• [BRIEF]
Pictures are to be left out. Return exactly the lines below from the one with "Buthe, Butha-Buthe Acheter" up to and including the one with "Chevrolet Full Size".

• [EXTRACTED MATERIAL]
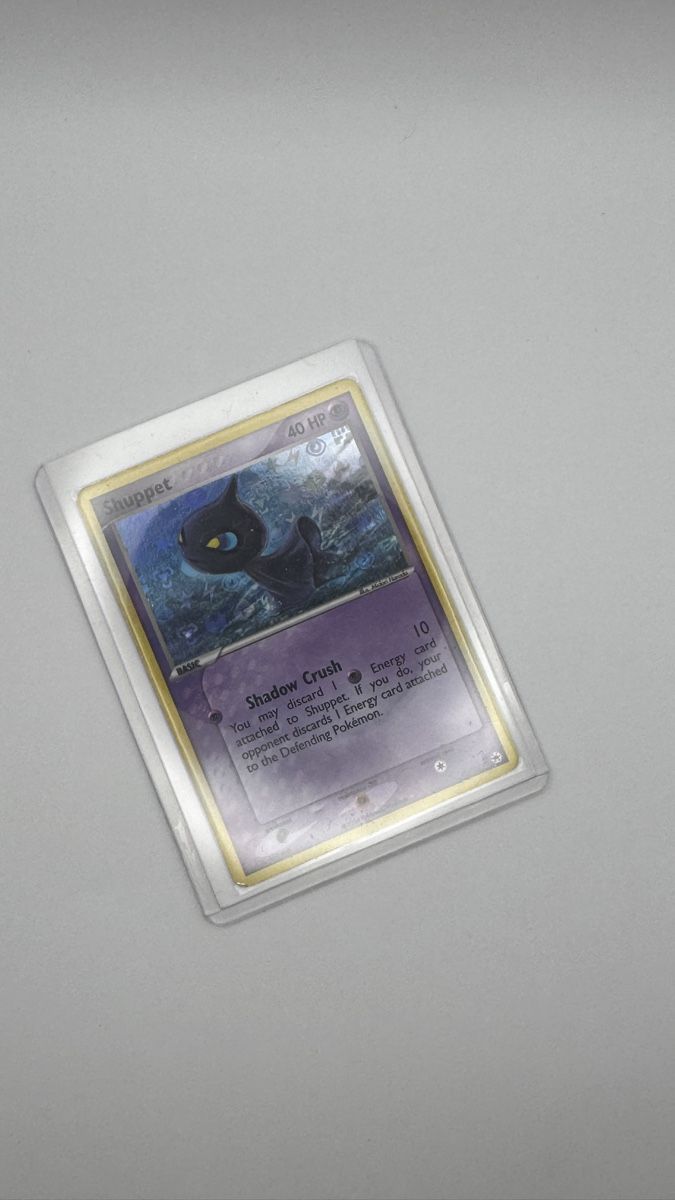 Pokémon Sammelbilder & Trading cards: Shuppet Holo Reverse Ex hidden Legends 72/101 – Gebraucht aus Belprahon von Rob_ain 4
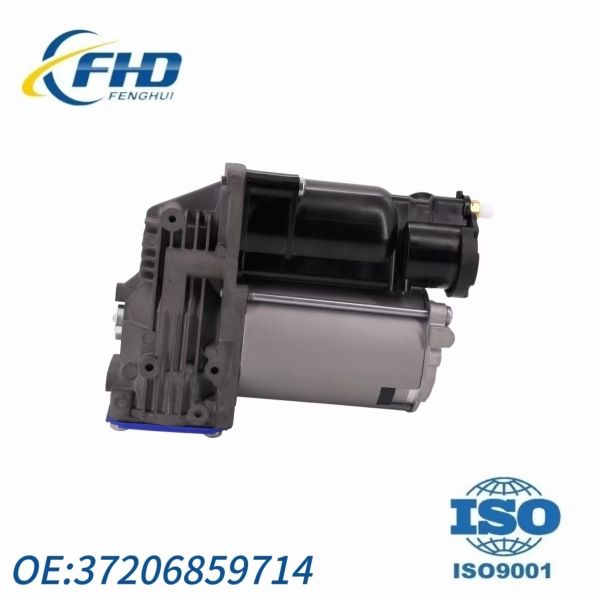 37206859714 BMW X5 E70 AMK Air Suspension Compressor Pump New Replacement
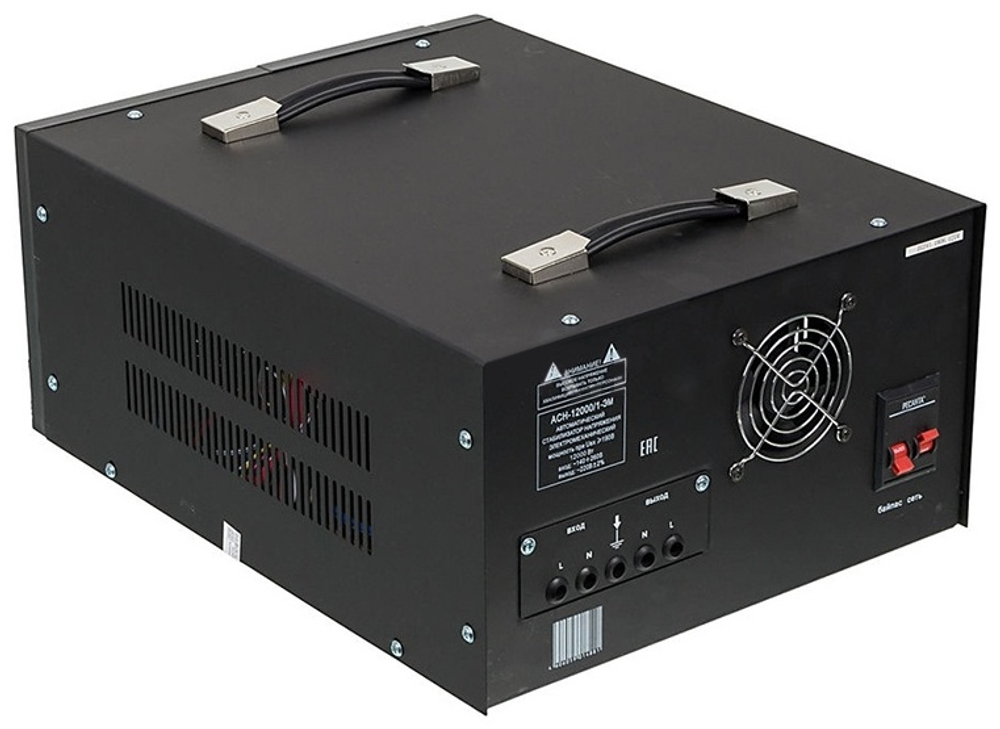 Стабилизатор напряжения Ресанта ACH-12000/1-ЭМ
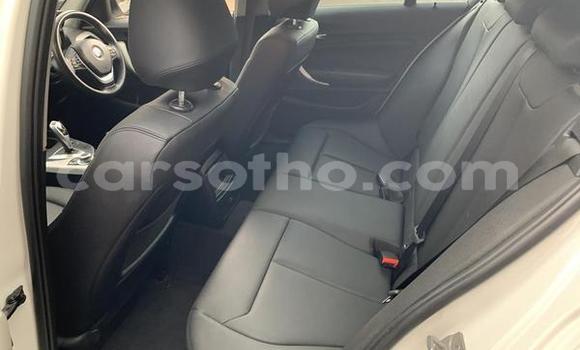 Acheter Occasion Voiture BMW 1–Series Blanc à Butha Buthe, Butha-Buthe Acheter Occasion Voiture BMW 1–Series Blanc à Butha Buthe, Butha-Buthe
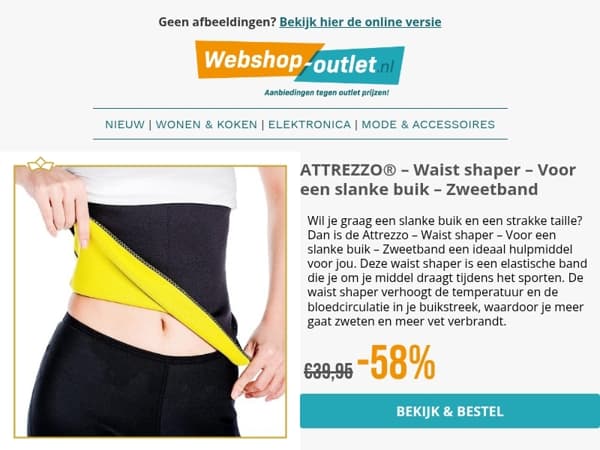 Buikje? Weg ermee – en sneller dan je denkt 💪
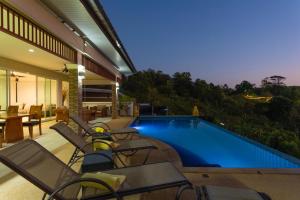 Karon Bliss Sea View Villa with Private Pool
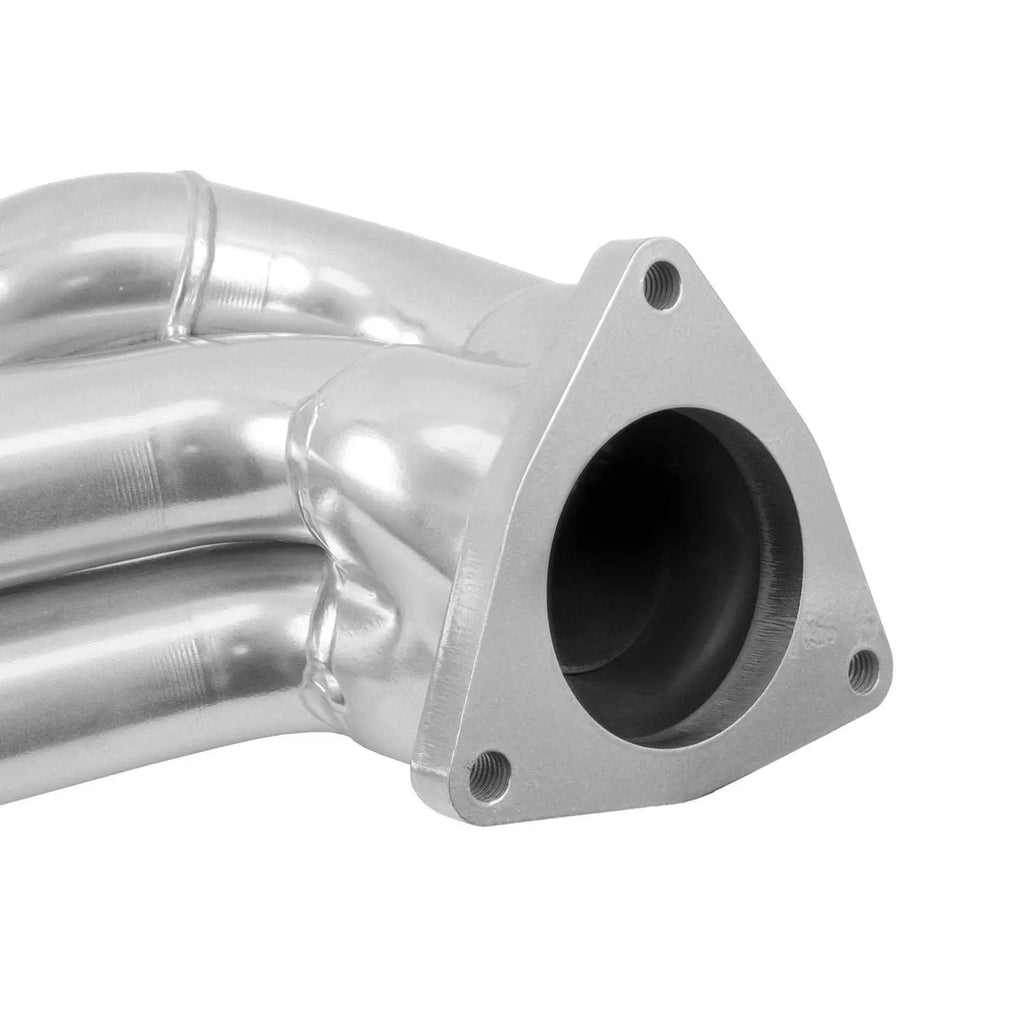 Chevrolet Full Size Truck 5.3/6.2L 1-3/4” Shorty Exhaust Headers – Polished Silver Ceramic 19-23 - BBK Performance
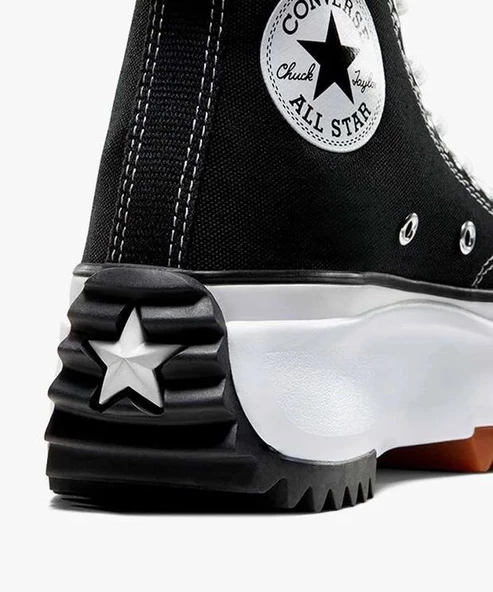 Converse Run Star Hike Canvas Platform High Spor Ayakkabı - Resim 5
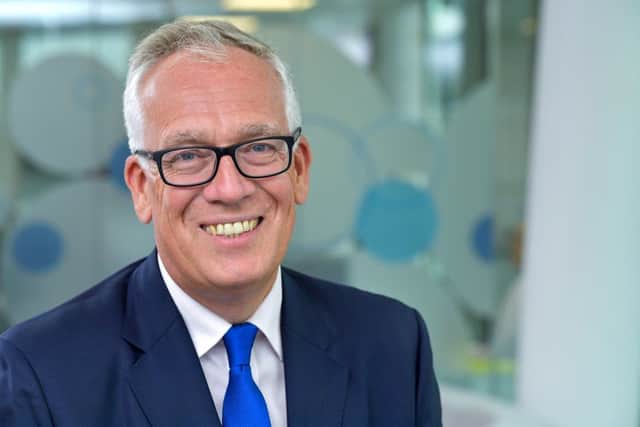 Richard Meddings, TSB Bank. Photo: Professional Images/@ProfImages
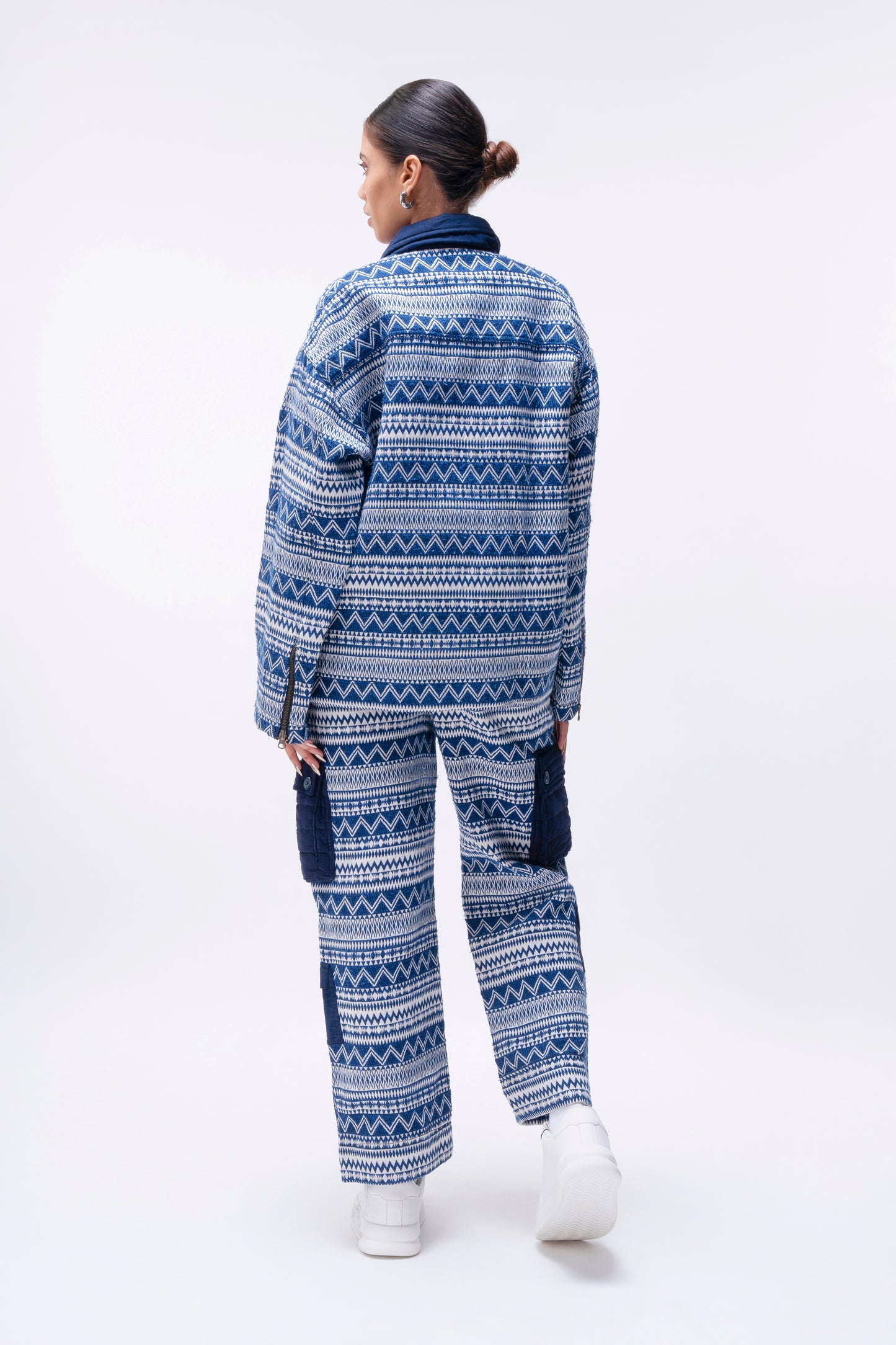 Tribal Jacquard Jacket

• [SOLVED EXERCISE]
 Acheter Occasion Voiture BMW 1–Series Blanc à Butha Buthe, Butha-Buthe Acheter Occasion Voiture BMW 1–Series Blanc à Butha Buthe, Butha-Buthe
 Buikje? Weg ermee – en sneller dan je denkt 💪
 Karon Bliss Sea View Villa with Private Pool
 Chevrolet Full Size Truck 5.3/6.2L 1-3/4” Shorty Exhaust Headers – Polished Silver Ceramic 19-23 - BBK Performance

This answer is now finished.